On the Art of Improvisation

One of the most important skills in the Dungeon Master’s toolbox is the ability to improvise.

And, based on my long experience with the game, it’s a skill that takes time to develop. Like most skills, you get better at improvisation by actually improvising, and paying attention to what your players think of the result. Many of the games I’ve run have been improvised. Even when you prepare material, there’s likely to be some improvisation involved. After all, it’s the key thing that distinguishes role-playing games from other games like Chess, where the rules are cut and dried. However, the amount of improvisation you use in a session will vary.

The advantage of preparing for a session is that you can get a better grasp of what is available for the players to do. You can think about various avenues of approach beforehand, and try to anticipate what choices the players might make.

The advantage of improvising a session is that the players aren’t bound by your preconceived ideas of where they will go. The flip side of this is that you might need to make up a lot of stuff. And continually coming up with good stuff – or any stuff at all – is hard work. Honestly, for many DMs, you’re better off preparing rather than just relying on improvisation. You’ll need to improvise anyway, because that’s how the game works.

And beginning DMs are unlikely to be that good at it. That’s based on my experience. Thirty years ago when I began DMing? I was terrible!

You get better at improvising and design the more experience you have. What kind of experience? Any kind! Of course, doing a lot of improvising helps you get better at improvising, but simple life experience gives you a huge resource of things that you can incorporate in your game. Every book you read, every person you meet, every job you do – it can all be used when improvising an adventure.

There are two pieces of advice I can give you:

#1: Trust Yourself. Pick an idea and go with it. See where it leads. Elaborate on it. Don’t second-guess yourself.

#2: Pay Attention to your Players. If something isn’t working, the reactions of your players will tell you about it. Don’t exclude them from your consideration as you proceed.

Of course, those two directly contradict each other at times. Can you trust yourself when your players hate your idea? Well, yes, you can. And yes, there will be times when whatever you do, things go badly. Can I run terrible sessions, even with thirty years of DMing experience? Absolutely I can!

About a month back, I discovered that only one player had turned up for my regularly scheduled game of Curse of Strahd. Meanwhile, another table had just collapsed – and we hadn’t yet organised a replacement DM (or players). So, instead of just cancelling the game entirely, I decided to improvise a short adventure so everyone could enjoy themselves. After we finished, I decided to write it down – the result got published on the DM’s Guild today as The Witch of Underwillow.

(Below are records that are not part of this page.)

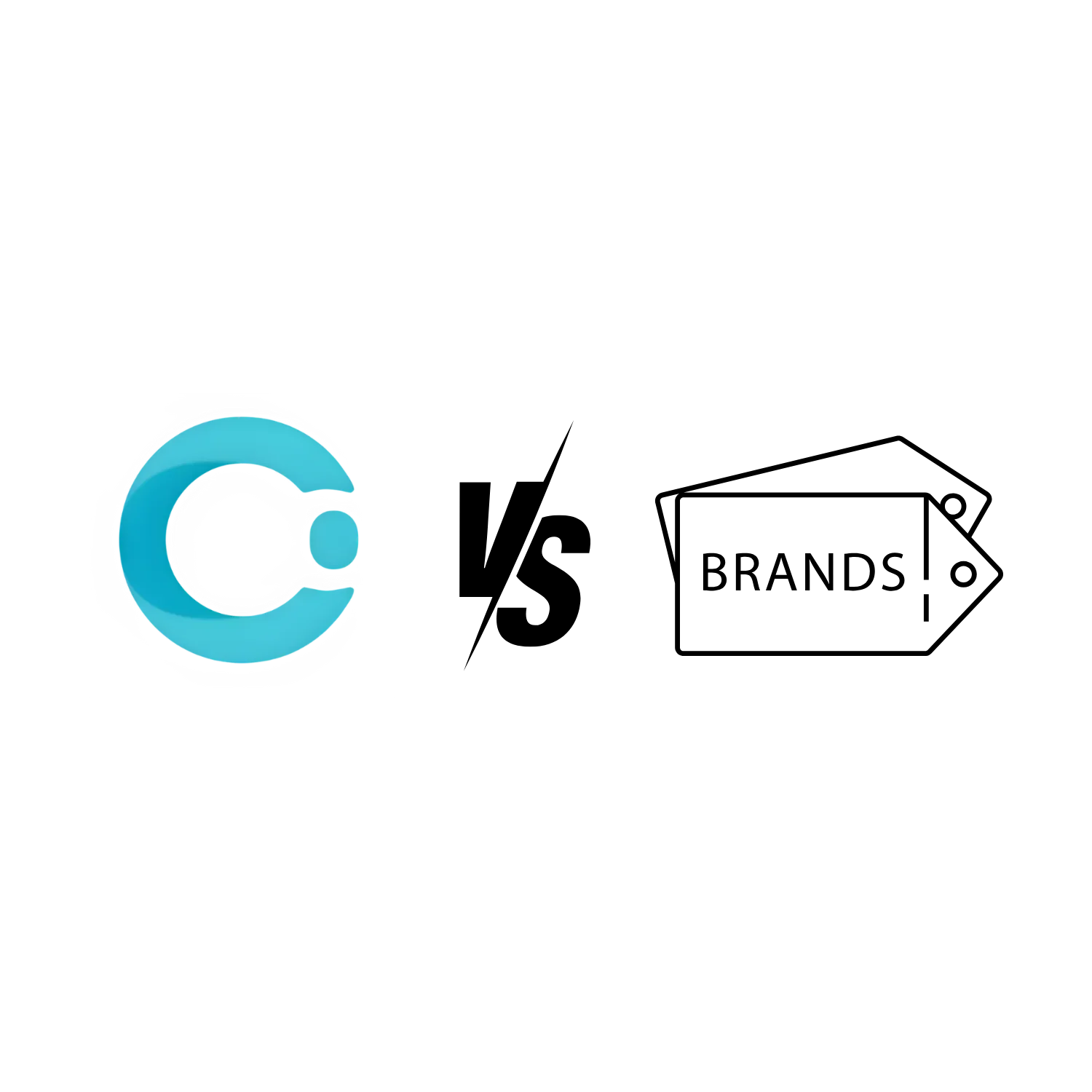 Why Colmi Smartwatches Are the UK’s Best-Kept Secret in Wearable Tech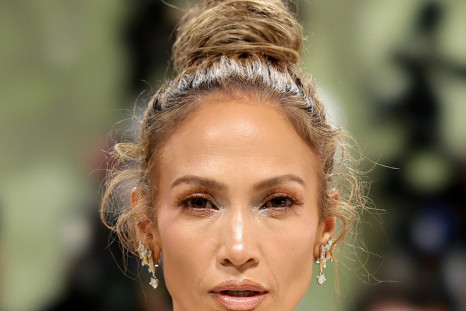 2024 Met Gala Beauty Looks How-Tos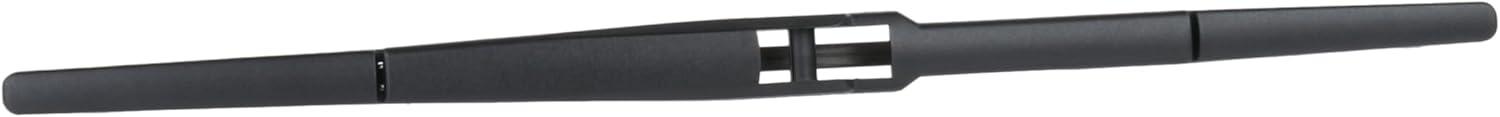 imageBOSCH H352 Rear Wiper Blade 14quot  Single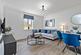Additional image 7 of Plot 137, The Bocking at Bournewood Park, Halstead, Bournewood Park, Bournebridge Hill CO9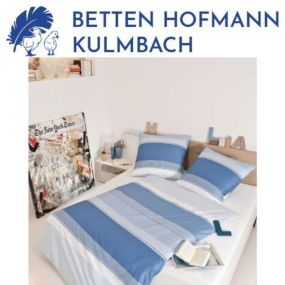 Bild von Betten Hofmann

I knew, going into the session, that it was for a group of characters that would likely soon be playing Curse of Strahd, so I set it up in that milieu, with the characters having just arrived in the village of Barovia. It needed to be a quick quest, so I knew that a quest followed a particular structure: a hook, the challenges, the final encounter. The hook? Let’s have a baby kidnapped by wolves.

So: the characters investigate, find the trail, and set off along it. They meet wolves and fight them. Then they get to the place the baby was taken: the witch’s lair. Witches make good low-level opponents in Barovia. I wanted to make it feel strange and unearthly, so I described how the path led underground, under a willow tree. Good unsettling stuff.

I set a couple of challenges – not directly fighting challenges – that I wanted the players to accomplish before they fight the witch. For one of them, I took as inspiration the Knights and Knaves puzzle. That’s where you have two guards, one of whom lies and one of whom tells the truth. Then I told the players that both of the guards are liars. And got amused by the results. (I’m pretty pleased with the solution to that one).

Finally, I was prepared to spring the final twist on the adventure – what the witch was actually doing. I had a plan. I was all ready to reveal it… when they attacked and immediately killed her. Oh well. There goes that idea… I had to make something else up. Such are the perils of improvisation and role-playing games in general. At least I could use the idea in the adventure!

The point of the story is that I improvised the adventure primarily based on my previous experience of adventure structure and encounters. (The two guardsmen came directly from Doctor Who: The Pyramids of Mars, though I’ve encountered the puzzle many times since then). I just put my own spin on the material. Improvising doesn’t mean you have to be original all the time. Get your inspiration from anywhere you can – and then twist it slightly.

One comment

  1. S J Grodzicki

    I think the most fun adventures are often mostly improvised – particularly when they are player instigated side treks. I bet everyone had an excellent time with your witch adventure, because you were free to adapt to play as it flowed.